This Agreement and all of the provisions hereof will be binding upon and inure to the benefit of the parties hereto and their
respective heirs, successors and permitted assigns. Neither this Agreement nor any of the rights, interests or obligations hereunder
will be assigned (including by operation of law) without the prior written consent of the parties hereto.

 

Section 3.5
Severability. If any provision of this Agreement is held invalid or unenforceable by any court of competent jurisdiction,
the other provisions of this Agreement will remain in full force and effect. Any provision of this Agreement held invalid or unenforceable
only in part or degree will remain in full force and effect to the extent not held invalid or unenforceable.

 

Section 3.6
Specific Performance. The parties hereto acknowledge that irreparable damage may occur in the event that any of the provisions
of this Agreement were not performed in accordance with their specific terms or were otherwise breached. It is accordingly agreed that
the parties hereto shall be entitled to seek an injunction or injunctions to prevent breaches of this Agreement and to enforce specifically
the terms and provisions of this Agreement, this being in addition to any other remedy to which such party is entitled to.

 

Section 3.7 Amendment;
Waiver. This Agreement may only be amended, changed, supplemented, waived or otherwise modified or terminated by the execution
and delivery of a written agreement signed by Acquiror, Swiss NewCo, the Company and the Company Shareholders.

 

    6

     

    

 

Section 3.8
Notices.
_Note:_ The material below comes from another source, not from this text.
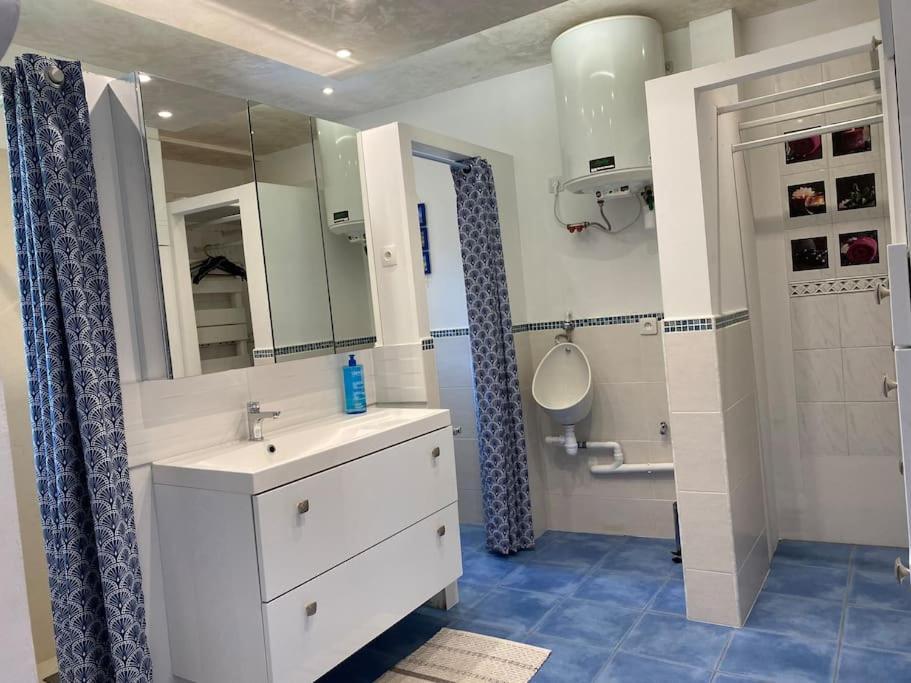 לה מאנש Charmant Appartement - Centre Cite Plantagenet!!! מראה חיצוני תמונה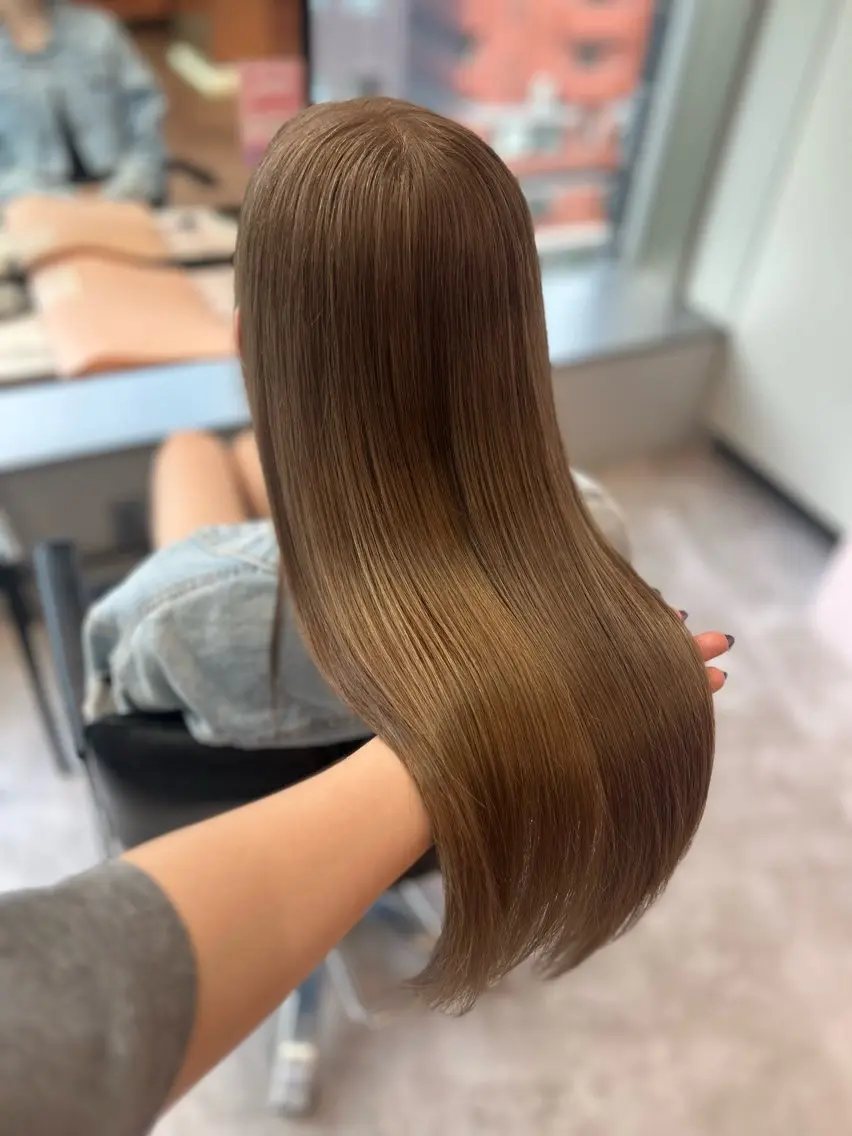 ロング カット ヘアカラー トリートメント レイヤーカット ✨️MOMOEのヘアスタイル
All notices and other communications among the parties hereto shall be in writing or in the form of text (i.e.,
without physical signature required) and shall be deemed to have been duly given (a) when delivered in person, (b) when delivered after
posting in the United States mail having been sent registered or certified mail return receipt requested, postage prepaid, (c) when delivered
by FedEx or other nationally recognized overnight delivery service or (d) when e-mailed during normal business hours (and otherwise as
of the immediately following Business Day), addressed as follows:

 

	 	If to Acquiror:
	 	 
	 	Cohn Robbins Holdings Corp.
	 	1000 N. West Street
	 	Wilmington, Delaware 19801
	 	Attention:	Charles Kwon
	 	Email:	charles@cohnrobbins.com
	 	 	 
	 	with a copy to (which will not constitute notice):
	 	 
	 	Skadden, Arps, Slate, Meagher & Flom LLP
	 	One Manhattan West
	 	New York, New York 10001
	 	Attention:	Howard L. Ellin
	 	 	June S. Dipchand
	 	Email:	howard.ellin@skadden.com
	 	 	june.dipchand@skadden.com
	 	 	 
	 	If to the Company:
	 	 
	 	SAZKA Entertainment AG
	 	Weinmarkt 9
	 	6004 Luzern
	 	Attention: 	Pascal Genoud
	 	 	Katarina Kohlmayer
	 	 	Jonathan Handyside
	 	Email:	pascal.genoud@allwynent.com
	 	 	katarina.kohlmayer@kkcg.com
	 	 	jonathan.handyside@allwynent.com

 

    7

     

    

 

	 	with a copy to (which shall not constitute notice):
	 	 
	 	Kirkland & Ellis LLP
	 	601 Lexington Ave
	 	New York, New York 10022
	 	Attention:	Jonathan L. Davis
	 	 	Steven Y. Li
	 	 	Peter Seligson
	 	Email:	jonathan.davis@kirkland.com
	 	 	steven.li@kirkland.com
	 	 	peter.seligson@kirkland.com
	 	 	 
	 	If to the Company Shareholder:
	 	 
	 	KKCG AG
	 	Kappelgasse 21
	 	6004 Luzern
	 	Attention:	Josef Bartos
	 	Email:	josef.bartos@kkcg.com
	 	 	 
	 	with a copy to (which will not constitute notice):
	 	 
	 	Kirkland & Ellis LLP
	 	601 Lexington Ave
	 	New York, New York 10022
	 	Attention:	Jonathan L. Davis
	 	 	Steven Y. Li
	 	 	Peter Seligson
	 	Email:	jonathan.davis@kirkland.com
	 	 	steven.li@kirkland.com
	 	 	peter.seligson@kirkland.com

 

Section 3.9
Form, Counterparts. This Agreement shall be made in writing (Schriftform) and may be executed in two or more counterparts
(any of which may be delivered by electronic transmission, including by DocuSign, portable document format or similar electronic means),
each of which shall constitute an original, and all of which taken together shall constitute one and the same instrument.

 

Section 3.10     
Entire Agreement. This Agreement and the agreements referenced herein constitute the entire agreement and understanding
of the parties hereto in respect of the subject matter hereof and supersede all prior understandings, agreements or representations by
or among the parties hereto to the extent they relate in any way to the subject matter hereof.

 

[Remainder of page intentionally left
blank]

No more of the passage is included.